The Jewish cemetery in Józefów was founded somewhere around the mid-18th century, south of the synagogue, among the nearby fields and in the close vicinity of a stone quarry. In 1848, it was extended through the inclusion of the land situated east of the original cemetery site. It was surrounded by a stone perimeter wall with a gate, from which a path towards the synagogue led alongside the axis of the graveyard. The matzevot were made of locally quarried stone by a nearby workshop. The oldest surviving headstone dates back to 1762, with the vast majority originating from years 1907-1940. During World War II, the Germans have engaged in deliberate vandalism on the cemetery site. The headstones were routinely used as building material for roadworks. After the war, the local residents often used the stone matzevot for construction purposes. Nevertheless, about 380 matzevot have managed to survive to the present day. In 2012, a group of activists from Germany launched an initiative to save the cemetery, in partnership with the Foundation for the Protection of Jewish Heritage, the “Sign of Penance - in Service of Peace” Initiative as well as the Józefów Municipal Office.


The Jewish cemetery is located to the south-west of the city, near Kamienna street. It is situated on a hillside, in the vicinity of a quarry, surrounded by meadows. It occupies a rectangular plot of land with a total surface of approx. 1 hectare, separated from the surrounding area by a low hedge which replaces both the original stone wall and the modern picket fence. Most of the area is overgrown with grass, although there is also a number of trees, mostly in the southern section of the burial ground.

The total number of surviving headstones is about 380. The matzevot take the form of stone slabs in various state of conservation. Most of them are positioned upright, although some have been either overturned or split into fragments. The graves are arranged in rows along the north-south axis, with the site being divided into distinct areas for men, women and children. The headstones are made of locally quarried sandstone, their front sides all facing west, which is a departure from the traditional arrangement where all headstones are oriented towards the east. The oldest surviving headstones are located on the western side of the cemetery. In this relatively large area, only a few headstones have survived to the present day; the other, more recent section of the graveyard fared better in this regard, with a relatively large number of surviving matzevot alongside the western edge of the necropolis. The oldest existing matzevah carries the date 1762, with the most recent one dating back to 1940. Despite the fact that the headstones in the eastern part of the burial ground have been toppled (possibly due to the subsidence of the steep hillside), their arrangement vis-à-vis one another is nevertheless believed to have been preserved intact.

The matzevot are designed in a traditional manner, their design resembling that of a portal. Some of them feature deep, arcaded niches and projecting engaged columns or pilasters. Others still are simplified designs with shallow carved inscriptions. The top sections of the headstones are either semicircular, rectangular, segmental or polygonal in shape.

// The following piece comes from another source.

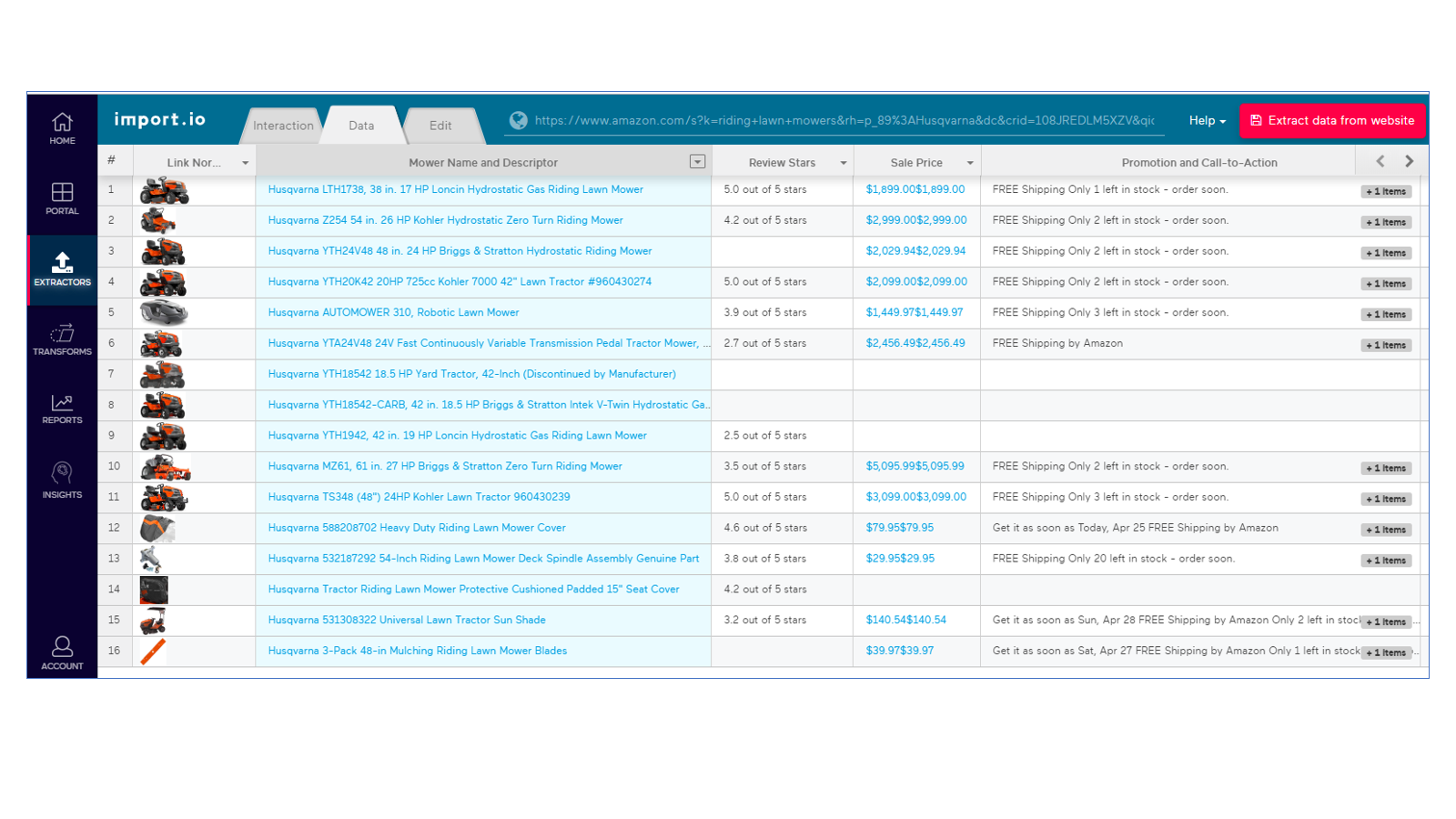 Import.io screenshot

A few of the matzevot (most likely the older ones) are much more diverse in terms of both design and the variety of ornamentation used. These matzevot are most interesting due to the archaic nature of the reliefs which adorn them. Most of them feature rectangular top sections and convex lettering. Most of the headstones are adorned with geometric ornaments in the form of simple arrangements of triangles or semi-circles, rosettes, stars, interlacing patterns and foliate decorations, the latter appearing in the form of wreaths, palmettes or urns filled with flowers. Some of the more recent matzevot feature ornaments which are largely symbolic in nature, such as hands extended in a gesture of blessing, cupboards filled with ancient books or trees with broken branches. Traces of painted decorations have also survived on certain gravestones. The matzevot are covered with inscriptions. All of the epitaphs are written in Hebrew script, yet not all of them are actually expressed in the Hebrew language, with some headstones featuring inscriptions in Yiddish as well as Hebrew transliteration of Polish names.

In the more recent section of the cemetery there is a fallen headstone which lacks both its surround and its pediment, with the latter most likely having been destroyed.

This headstone is in fact dedicated to a copy of the Torah which has been destroyed and features an intriguing epigraph that bears testimony to a unique religious custom of the past and is therefore rightly considered to be a great rarity today.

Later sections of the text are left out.